= Task statement =
Once you find the line with "2-к квартира, вторичка, 44м2, 4/5 этаж" in the entries below, return exactly every line from it through the line with "Kaanapali Maui At".

= Data to use =
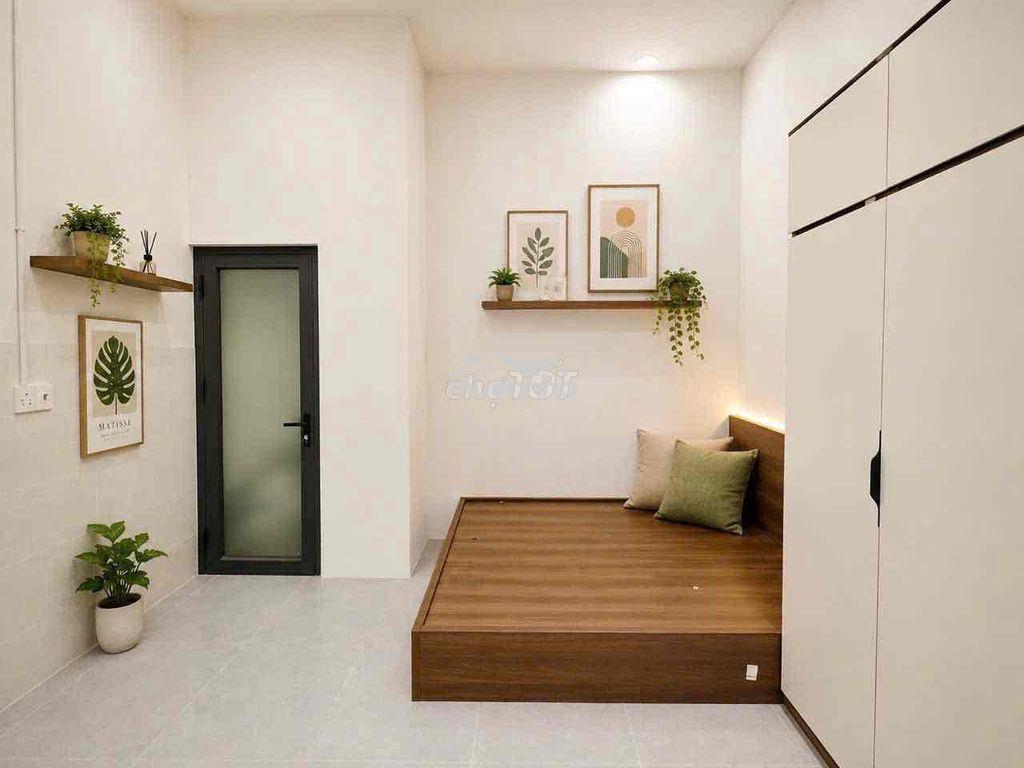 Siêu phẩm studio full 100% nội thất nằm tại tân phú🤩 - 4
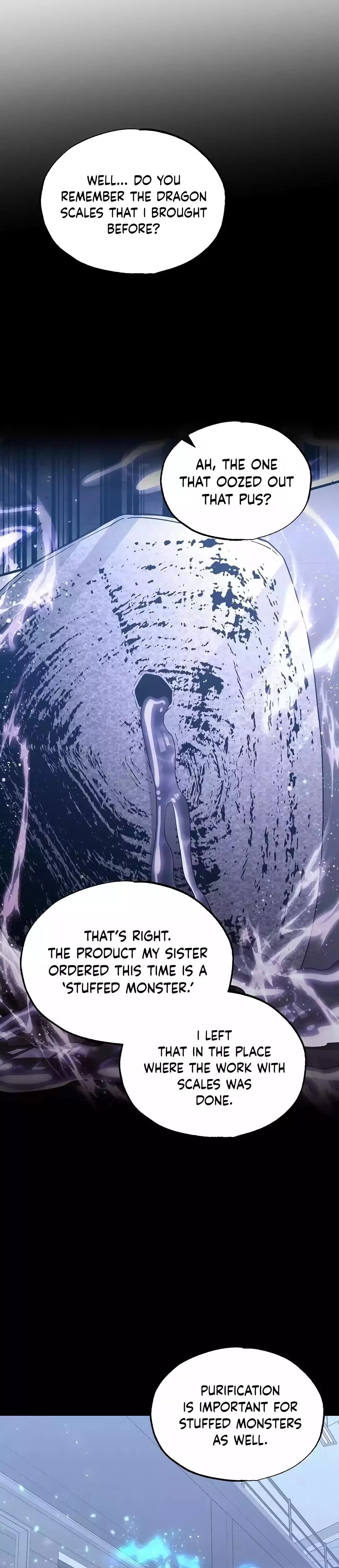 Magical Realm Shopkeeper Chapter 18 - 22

---

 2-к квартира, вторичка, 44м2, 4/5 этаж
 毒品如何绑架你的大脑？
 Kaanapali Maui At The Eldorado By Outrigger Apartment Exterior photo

--

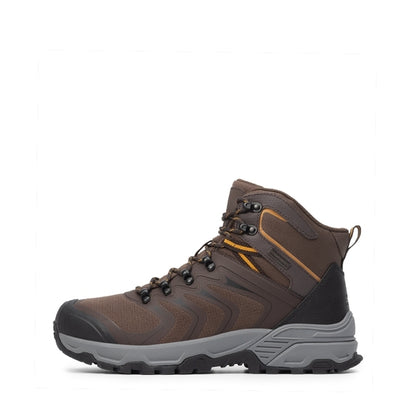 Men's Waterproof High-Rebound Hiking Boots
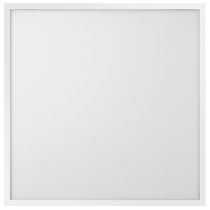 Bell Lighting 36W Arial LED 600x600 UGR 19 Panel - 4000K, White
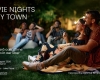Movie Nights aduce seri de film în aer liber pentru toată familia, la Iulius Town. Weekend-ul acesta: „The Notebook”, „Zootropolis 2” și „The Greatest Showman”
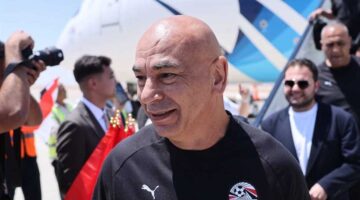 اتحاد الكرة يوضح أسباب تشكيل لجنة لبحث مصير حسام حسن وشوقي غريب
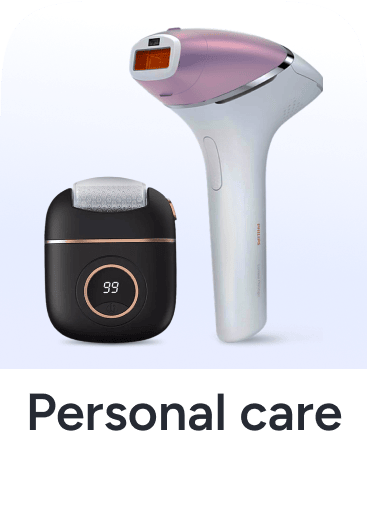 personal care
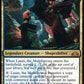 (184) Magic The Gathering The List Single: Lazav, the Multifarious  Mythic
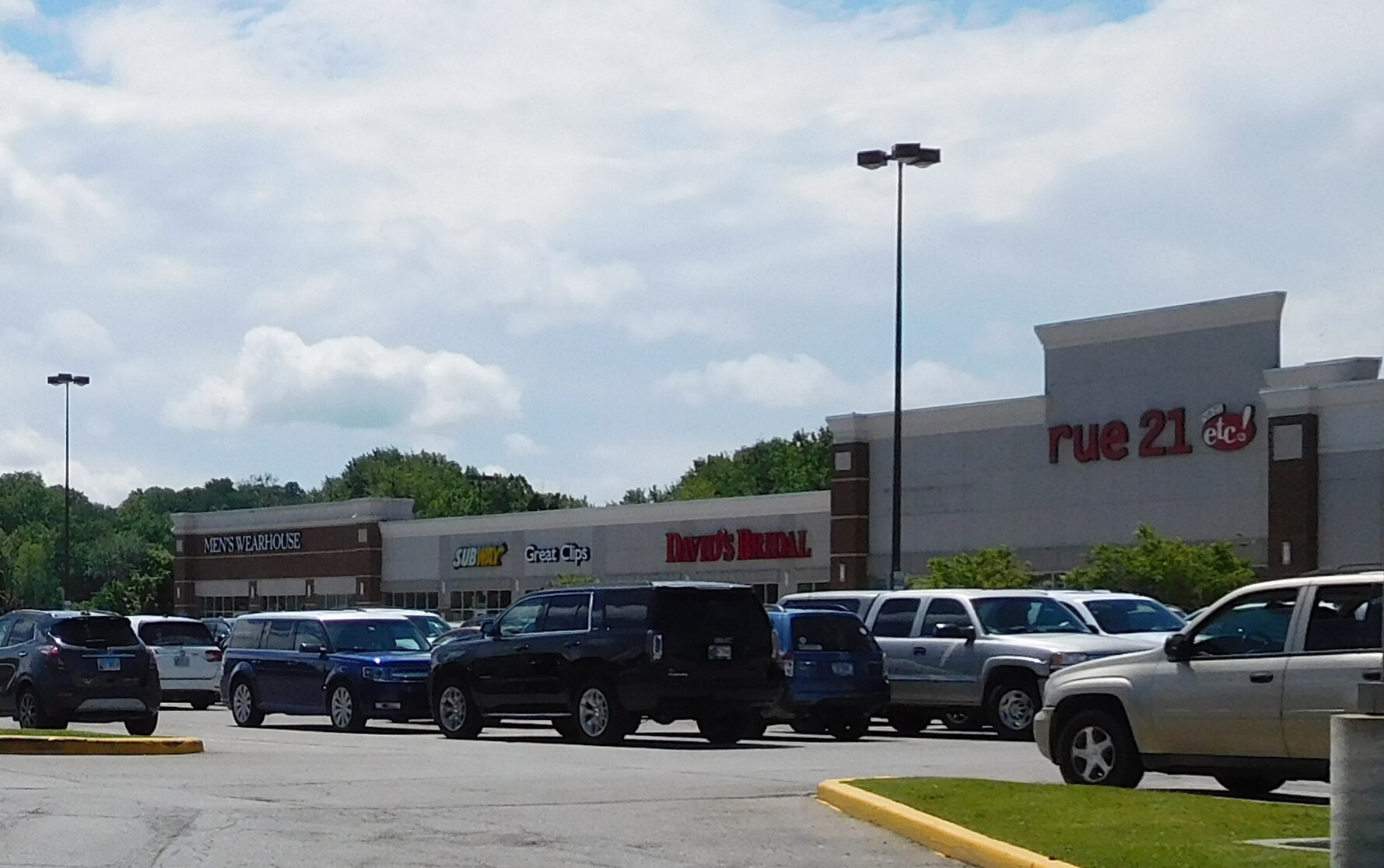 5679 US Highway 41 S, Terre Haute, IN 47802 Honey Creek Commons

= Exercise result =
 2-к квартира, вторичка, 44м2, 4/5 этаж
 毒品如何绑架你的大脑？
 Kaanapali Maui At The Eldorado By Outrigger Apartment Exterior photo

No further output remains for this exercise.